As to the point raised by the noble Baroness, Lady Williams, on how we intend to give effect to and publicise the details of the scheme, as I said, we intend to use extensively the ethnic minority press. Given the level of interest in the Bill and these particular clauses, I have little doubt that much attention will be drawn to the matter in the press generally. We shall assist in every possible way we can. We are open to suggestions as to other means that we can use to give publicity to the effects of the amendment.

On Question, amendment agreed to.

4.15 p.m.

Lord Bassam of Brighton moved Amendments Nos. 9 and 10:

Page 5, leave out lines 2 and 3 and insert (“begins on the day prescribed for the purposes of this subsection and is not to be less than three months.
( ) The regularisation period ends--
(a) on the day prescribed for the purposes of this subsection; or
(b) if later, on the day before that on which section 59 comes into force.").
Page 5, line 5, leave out (“the prescribed day") and insert (“that on which the regularisation period ends").

On Question, amendments agreed to.

Clause 9 [Removal of asylum claimants under standing arrangements with member States]:

Lord Falconer of Thoroton moved Amendment No. 11:

Page 6, leave out lines 3 and 4 and insert (“In determining whether a person in relation to whom a certificate has been issued under subsection (2) may be removed from the United Kingdom, a member State is to be regarded as").

The noble and learned Lord said: My Lords, in moving Amendment No. 11 I shall speak also to Amendment No. 12. Amendment No. 11 is an amendment to Clause 9. The purpose of Clause 9 is to prevent unnecessary disputes about the safety of European Union member states as safe third-countries of asylum--disputes which threaten seriously to undermine the asylum process by encouraging abusive claims.

Subsection (2) establishes the conditions in which a certificate can be made by the Secretary of State over-riding the normal suspension of removal action pending any appeal.

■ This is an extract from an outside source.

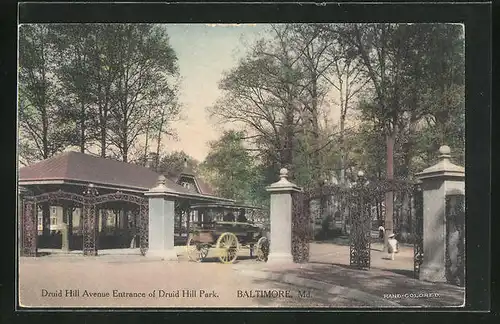 AK Baltimore, MD, Druid Hill Avenue Entrance of Druid Hill Park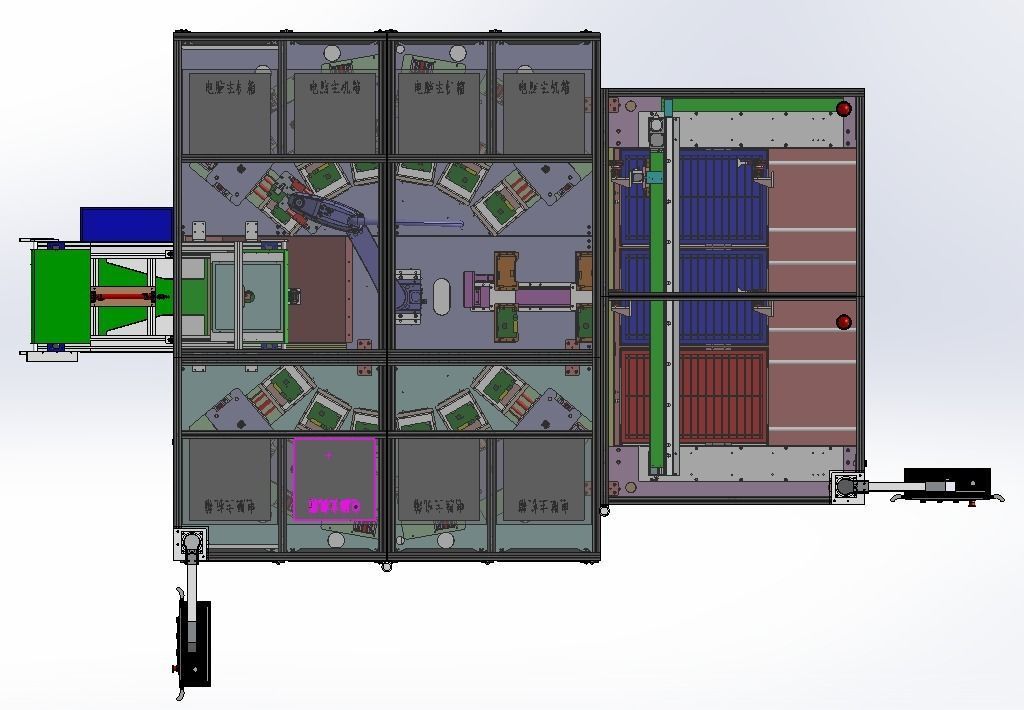 Automatic test production line 3D model_3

Subsection (1) provides that for these purposes member states, in effect, are to be regarded as safe for asylum-seeking, third, country nationals. However, the wording of Clause 9(1) as it stands presently is unclear because it refers simply to a member state being regarded as safe,

    “for the purposes of sub-section (2)".

We believe that this should be clarified, and the amendment achieves that.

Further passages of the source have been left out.